INTER-NOISE and NOISE-CON Congress and Conference Proceedings ◽

10.3397/in-2021-2569 ◽

2021 ◽

Vol 263 (2) ◽

pp. 3975-3986

Author(s):

Tenon Charly Kone ◽

Sebastian Ghinet ◽

Raymond Panneton ◽

Thomas Dupont ◽

Anant Grewal

Keyword(s):

Noise Control ◽

Transmission Loss ◽

Low Frequency ◽

Helmholtz Resonator ◽

Sound Insulation ◽

Frequency Noise ◽

Low Frequency Noise ◽

Low Frequencies ◽

Helmholtz Resonators ◽

Resonance Frequencies

The noise control at multiple tonal frequencies simultaneously, in the low frequency range, is a challenge for aerospace, ground transportation and building industries. In the past few decades, various low frequency noise control solutions based on acoustic metamaterial designs have been presented in the literature. These solutions showed promising performance and are considered a better alternative to conventional sound insulation materials.
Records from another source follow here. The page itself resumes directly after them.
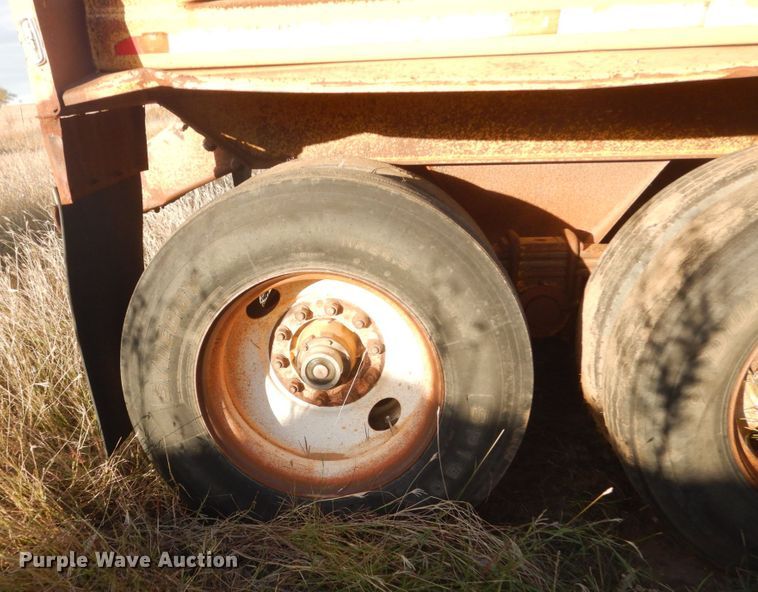 image for item KO9748 1997 Load King 2060-40-2  bottom dump trailer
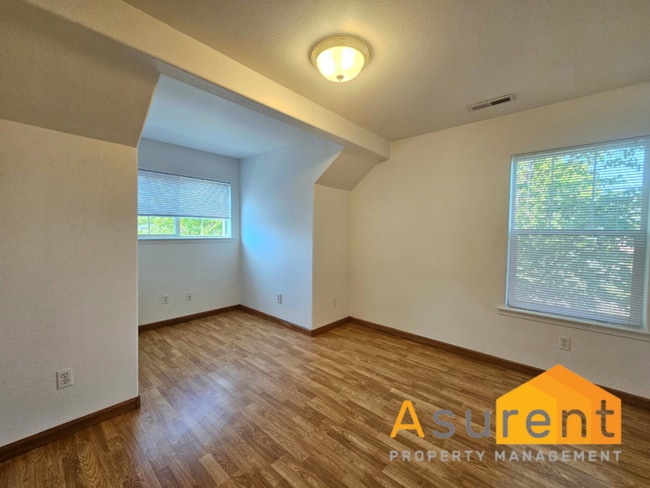 Building Photo - Great Open Concept Townhome Available Soon!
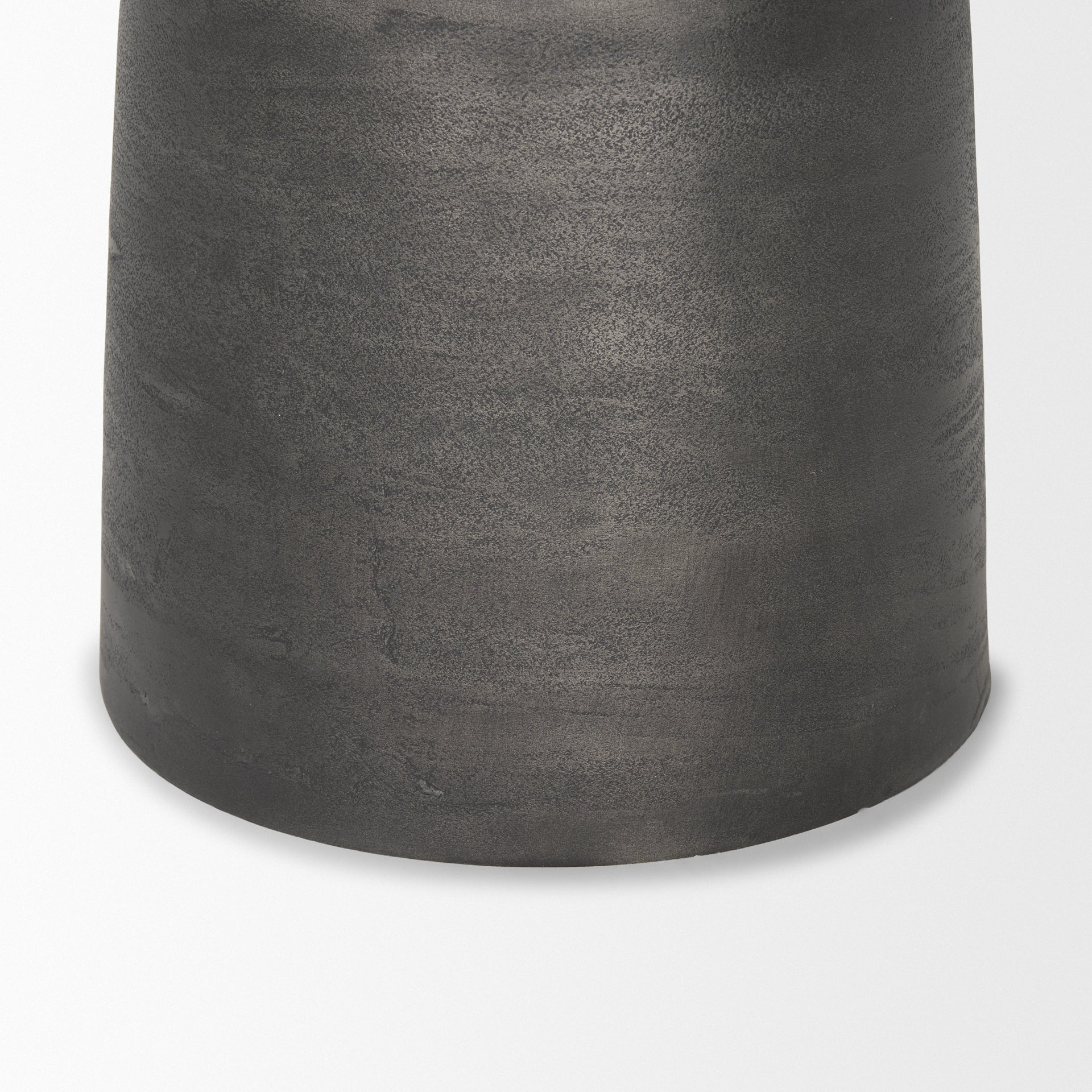 Mercana - Russo Accent Table in Gray, Metal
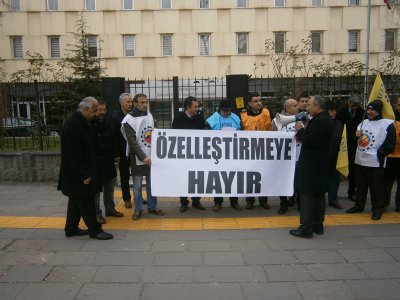ÖZELLEŞTİRME İDARESİ BAŞKANLIĞI ÖNÜNDE BASIN AÇIKLAMASI YAPILDI.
In the present investigation, it was noticed that subdividing the cavity of a Helmholtz resonator allowed the control of multi-tonal noise at several resonance frequencies simultaneously and a shift of the resonance peaks towards the low frequencies. This paper proposes concepts of Helmholtz resonators with subdivided cavities to improve the sound transmission loss (STL) performance and simultaneously control the noise at several tonal frequencies. HRs with cylindrical shaped cavities were embedded in a layer of porous material. The STL of the metamaterial noise insulation configuration was predicted using serial and parallel assemblies of transfer matrices (TMM) incorporating a thermo-viscous-acoustic approach to accurately account for the viscous and thermal losses of acoustic wave propagation within the metamaterial. The STL calculated using the proposed TMM approach were observed to be in excellent agreement with the finite element method (FEM) numerical results.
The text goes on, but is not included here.